閑文字手帖

馬手に盃 弓手に肴

1240 醉狂なペンS

 この稿で云ふペンは、嘗てオリンパスが出してゐた、銀塩且つハーフサイズの銘ですからね、念の為。これはレンズ固着の系統、一眼レフのF系統(F/FT/FV、イレギュラーのFB)に大別出來、前者は更にオリジナルから、簡単操作に特化したEE系と、大口径レンズを奢つたD系に分岐する。

 殆どの機種は、昭和卅四年から四十三年にかけての發賣。日本のカメラ史で云ふ、"ハーフサイズ・ブーム"と重なる…といふより、ペンの流行(と衰退)こそ、ハーフサイズの歴史と考へる方が、實態に近いと思ふ。詳しいことは、ハーフサイズ・カメラ史の専門家に任せたい。任せますよ。

 ペンに戻りませう。オリジナルの銘は、後ろになんにも附かない、ただのペンだつた。後に續けられる名前ではなかつたから、オリンパスは当初、そこまで賣れるとは考へなかつたらしい。さうだらうね、元は新人技術者に与へた課題の成果に過ぎなかつたもの。

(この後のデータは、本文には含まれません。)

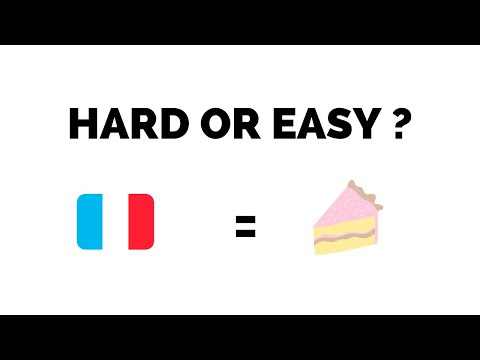 I was wrong about grammar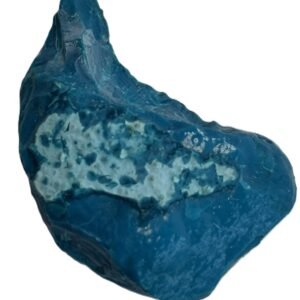 Gem silica 23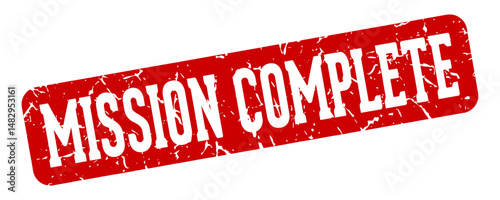 MISSIONCOMPLETEgeared25StampL2Red.eps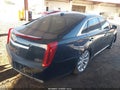 Photo 2 of 16 — 2016 Cadillac XTS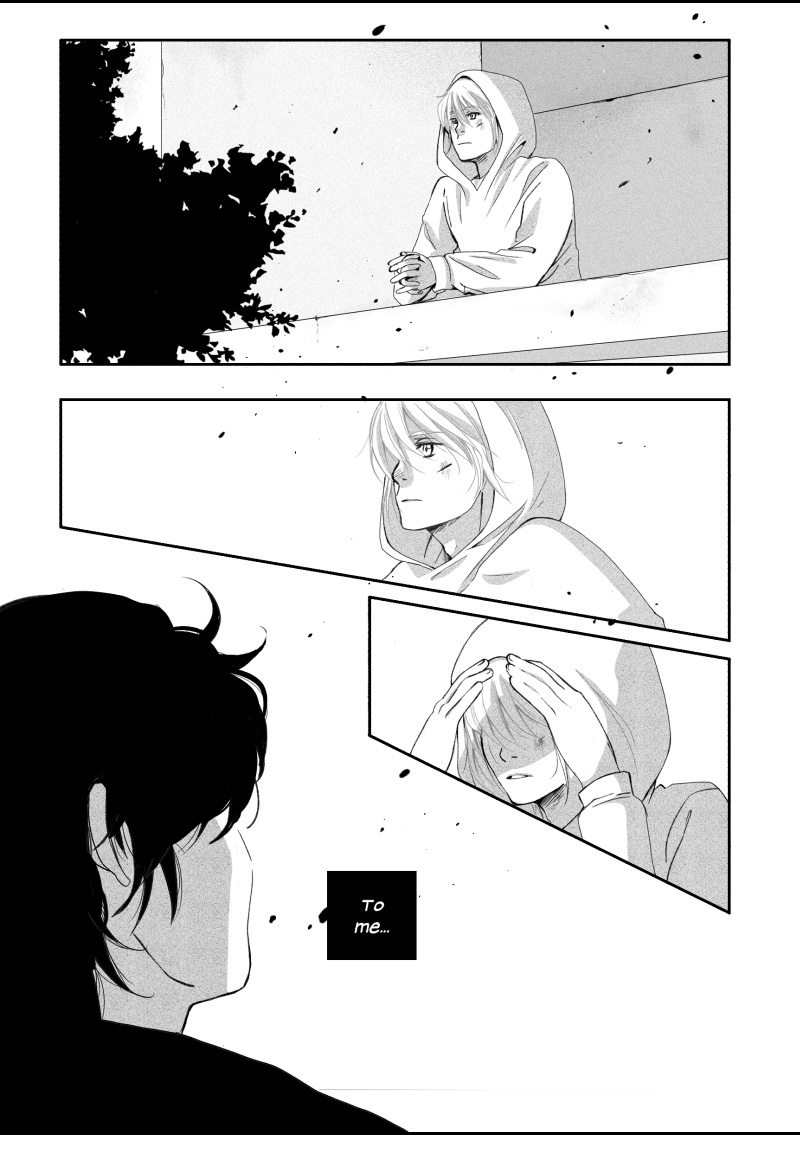 Grey is... Grey is... 第9页
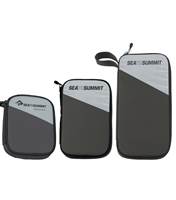 Sea to Summit Travel Wallet with RFID - Available in 3 Sizes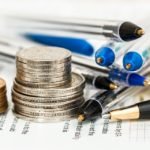 Un crédit bancaire pour votre projet : ce qu'il faut savoir
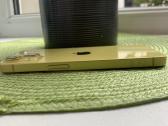 Apple iPhone 14 - nuotraukos Nr. 4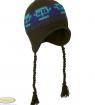 SALOMON CUZCO BEANIE SALOMON CUZCO BEANIE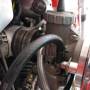 vm-38_pic_4_by_piniongear.jpg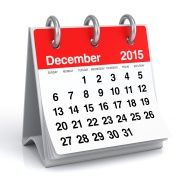 Companies generating revenues of ~$100,000 or more must prepare for the December 2015 deadline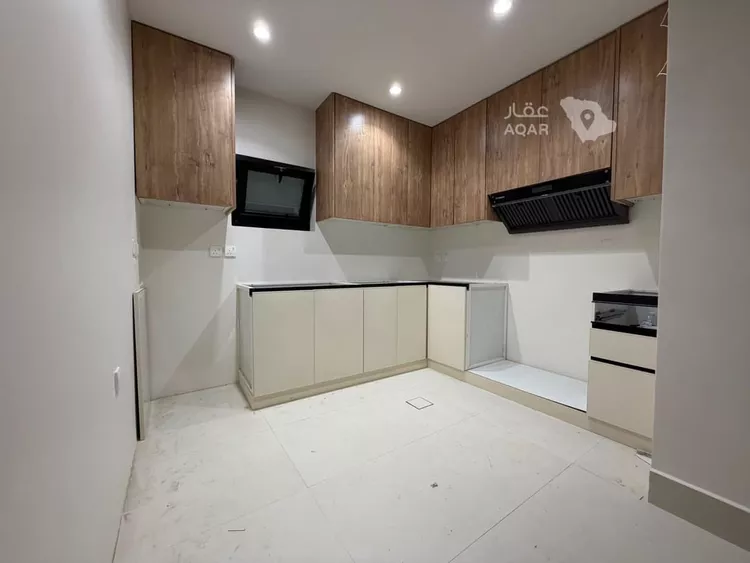 شقة للإيجار في شارع إسماعيل بن سالم, حي الريان, مدينة الرياض, منطقة الرياض
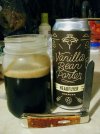 1.headflyer.vanbeanporter.jpeg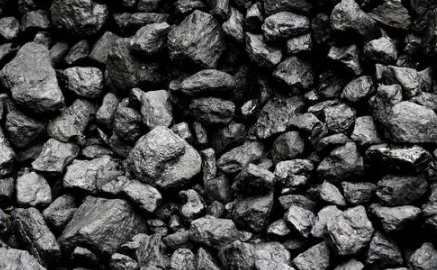 2021年12月份煤价会下跌吗2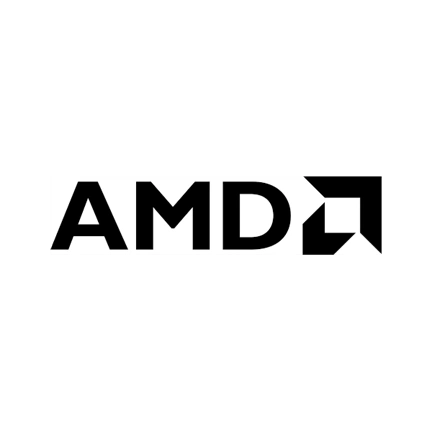 AMD Ryzen 7 8700G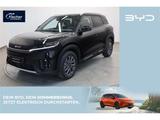 BYD ATTO 2 DM-i Boost - BYD ATTO 2 Neuwagen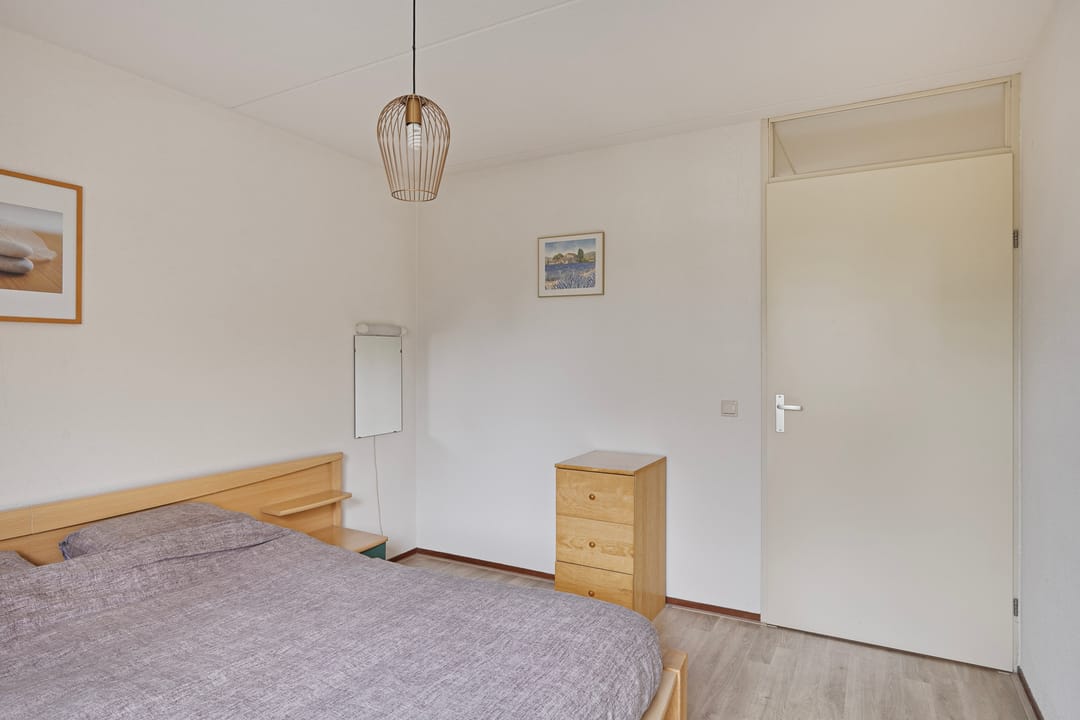 Foto 13 van Billitonlaan 12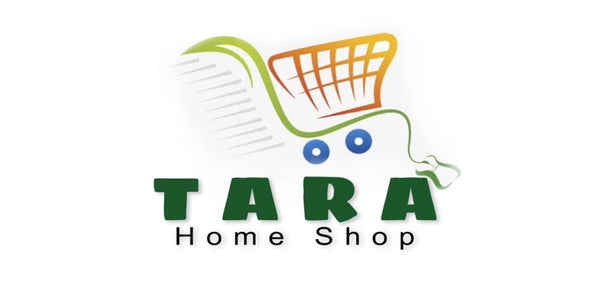 tarahomeshop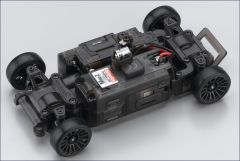 Mini-Z AWD MA-010 Chassis Kit Kyosho 30560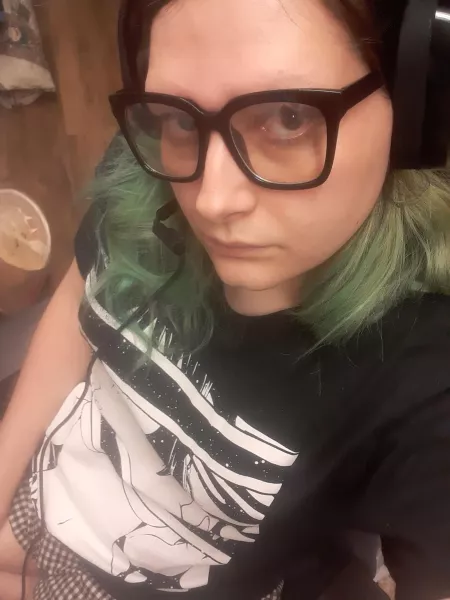 Wanna make some beats with me by Wonderful_Pool3444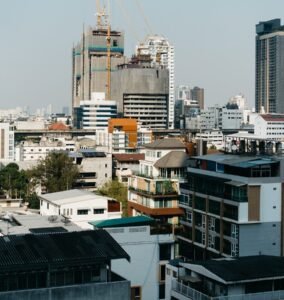 Gentrificación~2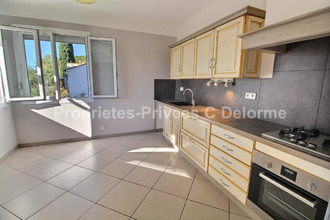 achat maison tresques 30330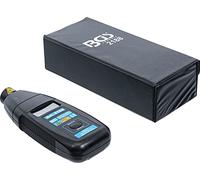 BGS Contagiri digitale Quantità:1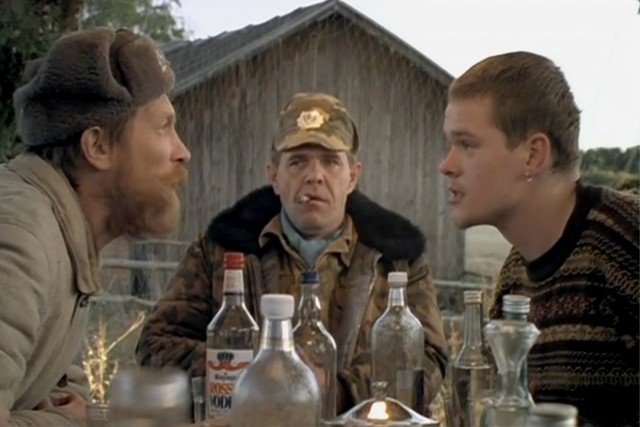 А в этом есть зерно...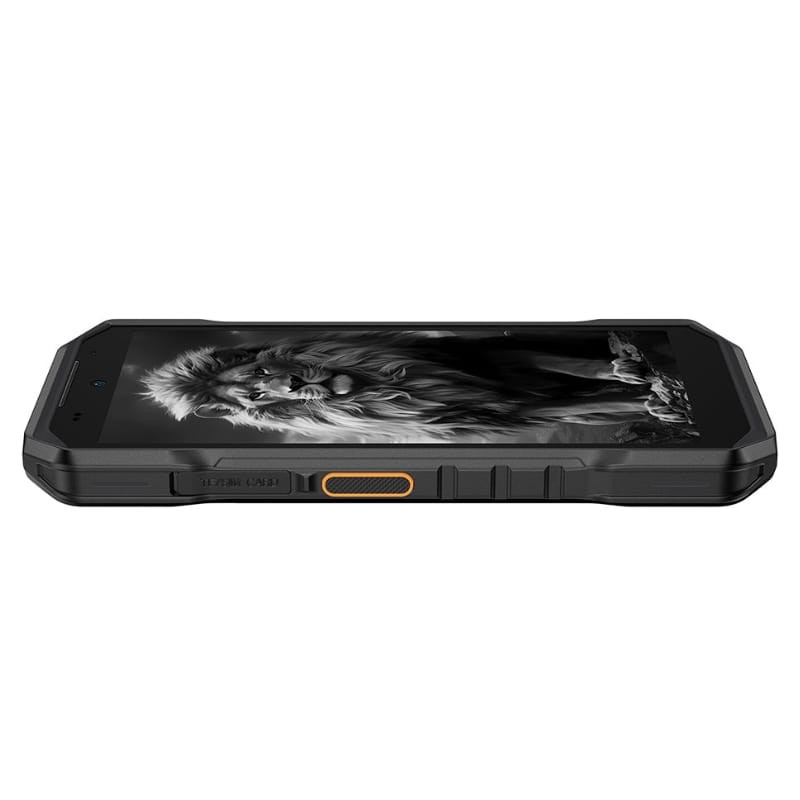 Ulefone Armor X32 Pro 5G 8Go/256Go Noir Robuste - Ítem2
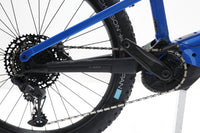KTM MACINA KAPOHO 7973 2023 T.L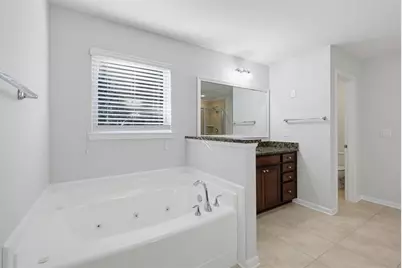 6810 Rocking Horse Lane, Cumming, GA 30040 - Photo 28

 併し、賣れた。だからレンズをちよいと明るくし、シャッターを改良したペンS、ペンSのレンズだけをオリジナルに戻したペンS3.5が續き、広角レンズを採用したペンWまで派生したんである。青年技術者の得意と困惑、思ふべし。

 目測で縦位置。

 露光計未搭載。

 全機械式制禦。

 オリジナルとその直系は、すべて同じである。被冩界深度を考へたら、三メートルくらゐのピント位置で、どうにかなる。露光の方も、ASA100か200のフヰルムで、函に書かれた目安を参考にすれば、大外しの心配は少からう。

 さう考へると、ペンのオリジナル系統は、たいへんよく出來た機種群と云つていい。唯一の問題は、当時のフヰルムだと、大きな引伸しには難があつたことだが、この責がオリンパスにも、設計者にもないのは勿論である。忸怩たる思ひといふやつは、あつたかも知れないなあ。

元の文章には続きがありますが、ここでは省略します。